For working people, the stakes involved in the conflict have nothing to do with the clashes riling the right and left of capitalist politics, but entail assaults on constitutional freedoms that are crucial for our struggles. This question is at the center of politics today.
Democrats lead assaults on freedoms
Trump-backed candidates in 2022 repelled more working people than they attracted in most races, especially when they campaigned on his widely discredited claim that the 2020 election was stolen. With Republicans unable to take advantage of the unpopularity of the Biden administration, more of them are now pushing for the party to repudiate Trump. Former Attorney General William Barr urged Trump to “stand aside” from the 2024 race, alleging the Justice Department “probably have the basis for legitimately indicting the president.”
Many other Democratic Party efforts to turn Trump and his associates into criminals continue. Jesse Benton, a Republican campaign operative, was convicted Nov. 17 on charges of facilitating a contribution to Trump’s 2016 campaign by Roman Vasilenko, a Russian businessman. Vasilenko gave Benton $100,000 for a ticket to a fundraiser in order to get himself photographed with Trump. He also hoped to get his picture taken with Michelle Obama and Oprah Winfrey.
Since Republicans won a razor-thin House majority, they plan to ape the actions of the Democrats and launch a series of partisan congressional probes to subpoena witnesses to go after the Biden administration. James Comer, incoming Republican chair of the House Oversight Committee, said he plans a raft of congressional inquiries, including digging into the business dealings of Biden’s son, Hunter, to find out if the president “is compromised or swayed by foreign dollars.”
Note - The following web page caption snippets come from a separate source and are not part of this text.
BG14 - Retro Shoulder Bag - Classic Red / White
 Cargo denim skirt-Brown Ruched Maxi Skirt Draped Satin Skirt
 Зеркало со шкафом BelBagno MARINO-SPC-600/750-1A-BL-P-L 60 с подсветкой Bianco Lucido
None of the efforts of the capitalists’ two main parties to use congressional hearings and criminal probes against their bourgeois political opponents is good for working people. Regardless of who is targeted, the methods deployed will inevitably be used to go after the labor movement and its vanguard. Free speech, freedom of association and many other conquests enshrined in the Constitution are essential for working people whenever we use our unions or engage in political activity.
Closely tied to the Democrat-led assaults on constitutional freedoms is the rulers’ efforts to refurbish the standing of the FBI. In the 1960s and ’70s, efforts like the Socialist Workers Party’s lawsuit against the FBI exposed the true character of the rulers’ political police and its spying and disruption and weakened its credibility. The Democrats are trying to strengthen it in preparation for use against working-class battles to come.
It’s useful to remember that just before the FBI raid on Mar-a-Lago, the spy outfit raided the offices of leaders of the African People’s Socialist Party, a Black rights organization, in St. Petersburg, Florida, and St. Louis. Then it began harassing opponents in Puerto Rico of Washington’s economic war against Cuba’s socialist revolution.
Working people should oppose all these blows against constitutional rights.